Federated learning (FL) is an increasingly popular decentralized machine learning (ML) paradigm. FL client devices share with a trusted server only their local individual updates of a given ML model held in memory by all clients, rather than the data used to train it. These updates are called gradients, and are produced when clients run the ML model on their data locally. Notable examples of updates include the images captured by an autonomous car’s camera, or when building a specific voice model for Amazon Alexa. This FL approach protects by design the privacy of user data, usually of highly sensitive nature.
The trusted FL server is known by all nodes and its role is to build a global model, usually aggregating all the gradients. Once the server has aggregated the gradients from all clients, it broadcasts back an updated version of the model to all clients, and all nodes can continue to train (i.e., improve) the model.

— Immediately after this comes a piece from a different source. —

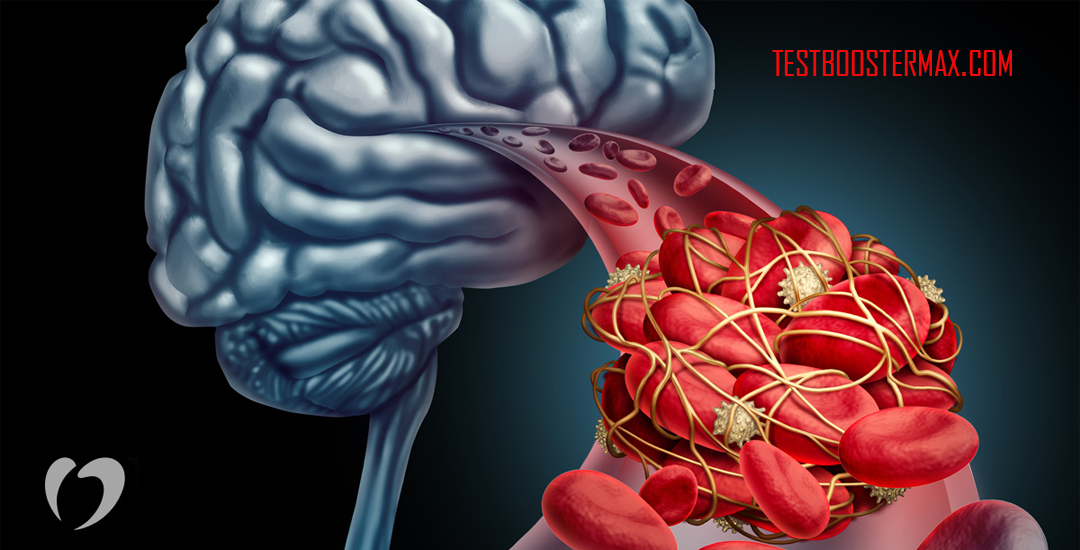 Transient Ischemic Attack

To work correctly, FL model updates always correspond to one specific version of the model. Hence, by design, all clients always share the same copy of the ML model. This decentralized training comes with a shared weakness: if a malicious client (i.e., an attacker) crafts fake data (e.g., an ambiguous picture) that deceives its copy of the model, then this data would deceive the other clients’ models too if presented to them. Such an ambiguous data sample is called an adversarial example. It is easy to craft when all the parts of the model are known to the attacker, which is the normal case, by reading its own device’s memory. Such fake data crafting process is called an adversarial attack.

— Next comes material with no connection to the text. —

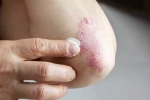 Skin disorders health problems, Skin disorders articles, five common skin disorders and their symptoms, Allergies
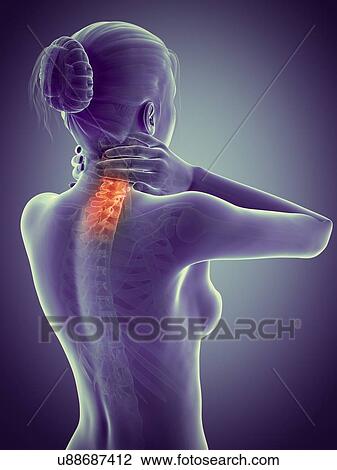 Human neck pain, illustration View Large Illustration Drawing - Human neck pain, illustration. Fotosearch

Deceiving could mean that the model doesn’t classify an object correctly: for example, patch attacks famously create a sticker that, once put on a clear road sign, transforms it into an adversarial example, wrongfully perceived as a hill by an autonomous car to potentially cause an accident. A similar scenario happens when camouflage tricks the human eye, inducing a form of misclassification (e.g., someone hidden in a bush wearing a camouflage vest is misclassified as part of said bush). Deceiving might suggest that the attacker found some gibberish that is classified as a correct input. In this case, the model updates are corrupt gradients sent to the server that stem from bogus data (an adversarial sentence captured by Amazon Alexa) instead of a normal life speech sample, thus undermining the average quality of the aggregated updates. The figure below illustrates the aforementioned interactions between a server and collaborating clients and the producing of an adversarial sticker over a clean road-sign.

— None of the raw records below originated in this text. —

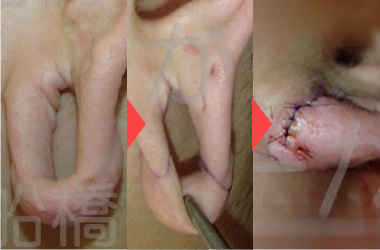 超巨大ピアス穴の閉鎖術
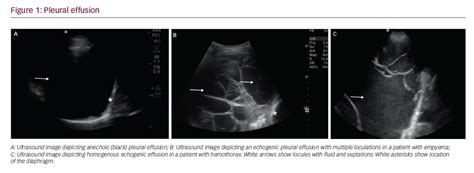 The lack of specificity is mainly due to the limitations of the imaging modality. Practice Pearls for Performing Pleural Ultrasound with ...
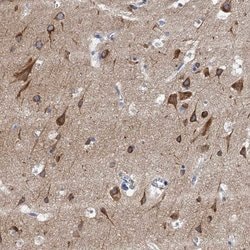 Invitrogen NBEA Polyclonal Antibody 100 &mu;L; Unconjugated:Antibodies,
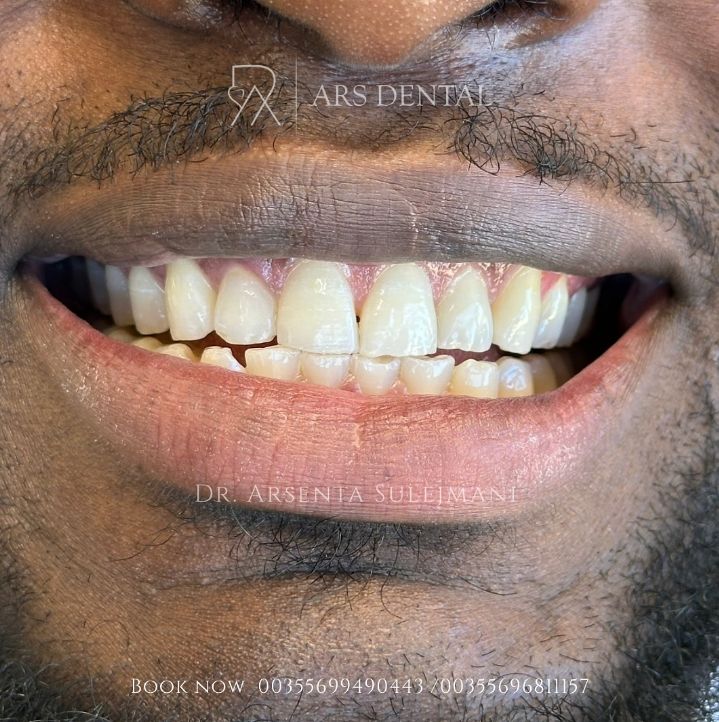 _________________________dentist-klinika-durres-196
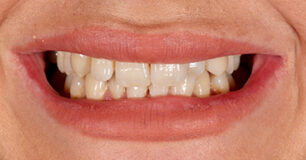Before - Ringway Dental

Existing solutions fail to mitigate the crafting of these adversarial samples because it is generally considered infeasible to prevent an attacker to access the entirety of the model.
Instead, we propose a system doing exactly that: limiting what is physically available to the attacker. Intuitively, if we prevent a malicious client from accessing parts of the model from its own local device memory, then it cannot efficiently craft those adversarial examples. This is nowadays a realistic assumption: several ARM processors found in commodity devices deployed in FL schemes use TrustZone -a combination of hardware and software technology- to control special parts of the processor, i.e., memory enclaves, to isolate parts of its own device’s memory from the client. Data stored in enclaves at the request of the server cannot be accessed by the client anymore. Especially in mobile devices, enclaves are strongly limited (around 30 MB): consequently, hiding the entirety of modern ML models (10+ of GBs) is not practical. So, one has to decide which specific portions (the most important, revealing ones) should be stored in those client-side enclaves, preventing the launch of those adversarial attacks.
In our benchmarks using real-world datasets and models, it is sufficient to isolate a small percentage of model (<0.01%) to successfully mitigate such attacks. In some scenarios, we achieve a full mitigation. In the road signs scenario, it means that the crafted adversarial patches do not lead to a misclassification (see figure above for a no-defense/defense comparison).
Our mitigation approach preserves the robust accuracy (the ability to tell apart fake from true data) of the victim models despite the attempts at deceiving them. Additionally, our method scales well when larger models are used: we applied it to small ResNets as well as large Vision Transformers (ViT-L/16), while being restricted by the underlying hardware limitations.
Preliminary results of this work have been presented at the 3rd Workshop on Distributed Machine Learning (DistributedML’22).